This chapter is intended to be a QuickStart guide for programmers who are familiar with Borland Pascal, version 7 for Dos protected mode. Other versions don't differ too much but this one was the very last Dos version Borland has published.
Throughout the documentation, we talk of "Borland Pascal" or "BP" for short. In most if not all cases, you can safely substitute "Turbo Pascal" if you like.
GNU Pascal (GPC) is compatible to version 7 of Borland Pascal (BP) to a large extent and comes with portable replacements of the Borland standard units.
However, BP is a 16-bit compiler while GPC is a 32/64-bit compiler, so the size of the `Integer' type, for instance, is 16 bits in BP, but at least 32 bits in GPC. If a BP program has been designed with portability in mind from the ground up, it may work with GPC without any change. Programs which rely on byte order, on the internals or sizes of data types or which use unportable things like interrupts and assembler code, will need to be changed. The following section lists the possible problems with solutions.
The GPC Run Time System (RTS) is fairly complete, and you can use all libraries written for GNU C from GNU Pascal, so there is much less need to use unportable constructs than there was in BP. (For example, BP's Turbo Vision library uses assembler to call a local procedure through a pointer. With GPC you can do this in Pascal just as with global procedures.) Please do not throw away the advantage of full portability by sticking to those workarounds.
We have successfully ported real-world projects (with several 10000s of lines) from BP to GPC, so this is possible for you, too.
This sections lists the remaining incompatibilities of GPC to BP, and the problems you might encounter when porting BP programs from 16-bit Dos to other platforms, and gives solutions for them.
By incompatibilites we mean problems that can arise when trying to compile a valid BP program with GPC. Of course, there are many features in GPC that BP doesn't know, but we call them extensions unless they can break valid BP programs, so they are not mentioned here. The subsequent sections of this chapter mention a number of useful extensions that you might want to know about but which will not break your BP code.

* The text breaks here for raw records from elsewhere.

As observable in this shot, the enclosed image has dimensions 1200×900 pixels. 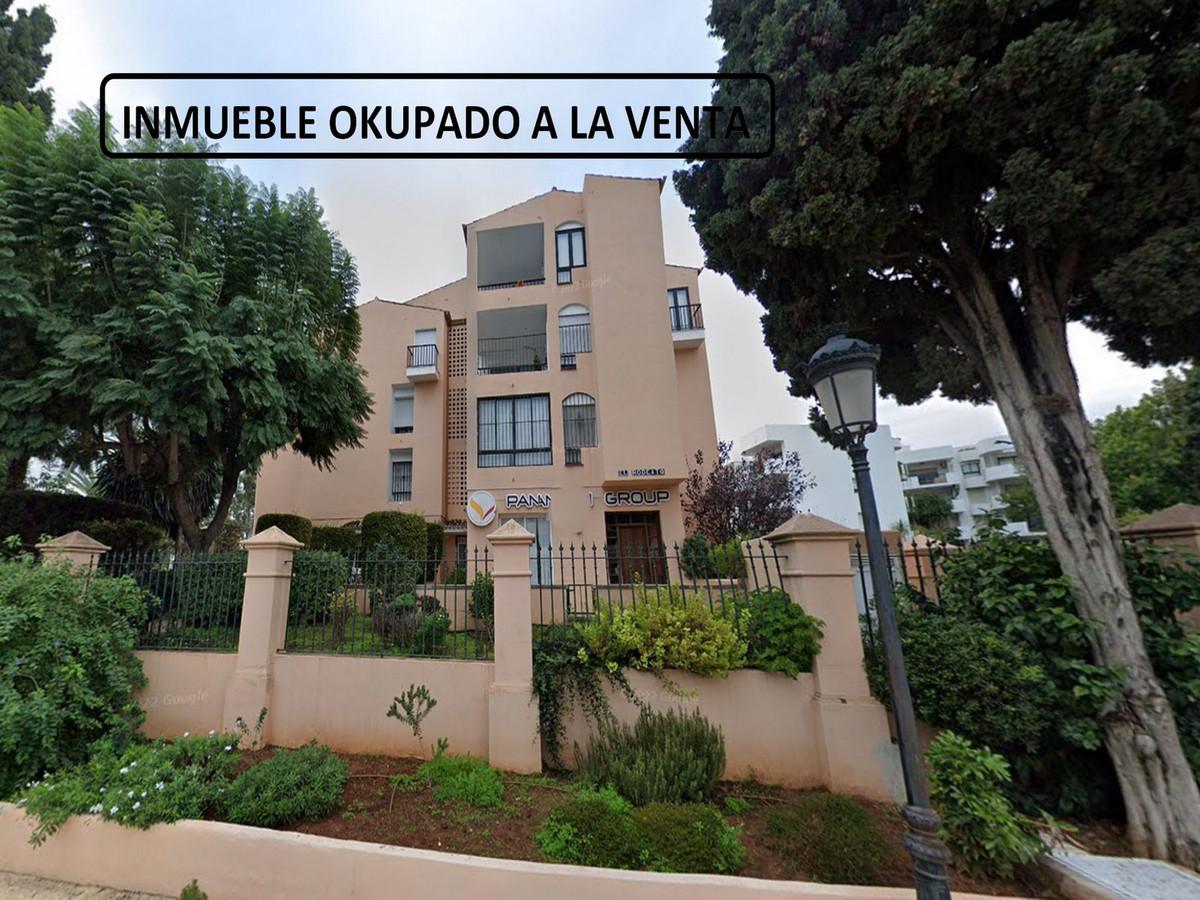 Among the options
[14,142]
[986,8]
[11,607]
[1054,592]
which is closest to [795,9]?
[986,8]

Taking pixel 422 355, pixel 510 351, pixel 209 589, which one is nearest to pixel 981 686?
pixel 209 589

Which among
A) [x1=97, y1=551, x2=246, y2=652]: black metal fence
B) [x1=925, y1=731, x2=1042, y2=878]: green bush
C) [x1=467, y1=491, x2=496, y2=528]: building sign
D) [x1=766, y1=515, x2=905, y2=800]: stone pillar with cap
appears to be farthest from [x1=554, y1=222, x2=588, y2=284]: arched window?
[x1=925, y1=731, x2=1042, y2=878]: green bush

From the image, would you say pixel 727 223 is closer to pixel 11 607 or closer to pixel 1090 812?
pixel 1090 812

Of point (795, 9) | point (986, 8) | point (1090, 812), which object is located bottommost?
point (1090, 812)

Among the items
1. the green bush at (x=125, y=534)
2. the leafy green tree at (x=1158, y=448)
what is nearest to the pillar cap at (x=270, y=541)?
the green bush at (x=125, y=534)

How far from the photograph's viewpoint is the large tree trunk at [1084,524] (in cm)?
377

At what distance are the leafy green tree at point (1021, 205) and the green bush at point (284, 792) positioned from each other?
6.76 metres

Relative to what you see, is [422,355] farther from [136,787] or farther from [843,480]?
[843,480]

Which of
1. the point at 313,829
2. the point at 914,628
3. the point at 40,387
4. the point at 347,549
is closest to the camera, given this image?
the point at 313,829

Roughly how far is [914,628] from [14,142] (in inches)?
571

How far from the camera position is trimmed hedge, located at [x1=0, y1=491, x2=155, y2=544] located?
27.6 feet

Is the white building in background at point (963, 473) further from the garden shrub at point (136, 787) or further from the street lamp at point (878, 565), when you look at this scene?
the garden shrub at point (136, 787)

PInteger (Ptr (Seg (a), Ofs (a) + 6 * SizeOf (Integer)))^ = 42work in GPC, but they do not provide access to absolute memory addresses. Neither do `absolute' variables (which take a simple address in the program's address space in GPC, rather than a segmented address), and the `Mem' and `Port' arrays don't exist in GPC. As a replacement for `Port' on x86 processors, you can use the routines provided in the `Ports' unit. If you want to access absolute memory addresses in the first megabyte under DJGPP, you can't do this with normal pointers because DJGPP programs run in a protected memory environment, unless you use a dirty trick called near pointer hack. Please see the DJGPP FAQ for this and for other ways. For similar reasons, the variable `PrefixSeg' in the `System' unit is not supported. Apart from TSRs, its only meaningful use in BP might be the setting of environment variables. GPC provides the `SetEnv' and `UnSetEnv' procedures for this purpose which you can use instead of any BP equivalents based on `PrefixSeg'. (However note that they will set the program's own and its childs' environment, not its parent's environment. This is a property -- most people call it a feature -- of the environments, including DJGPP, that GPC compiled programs run in.)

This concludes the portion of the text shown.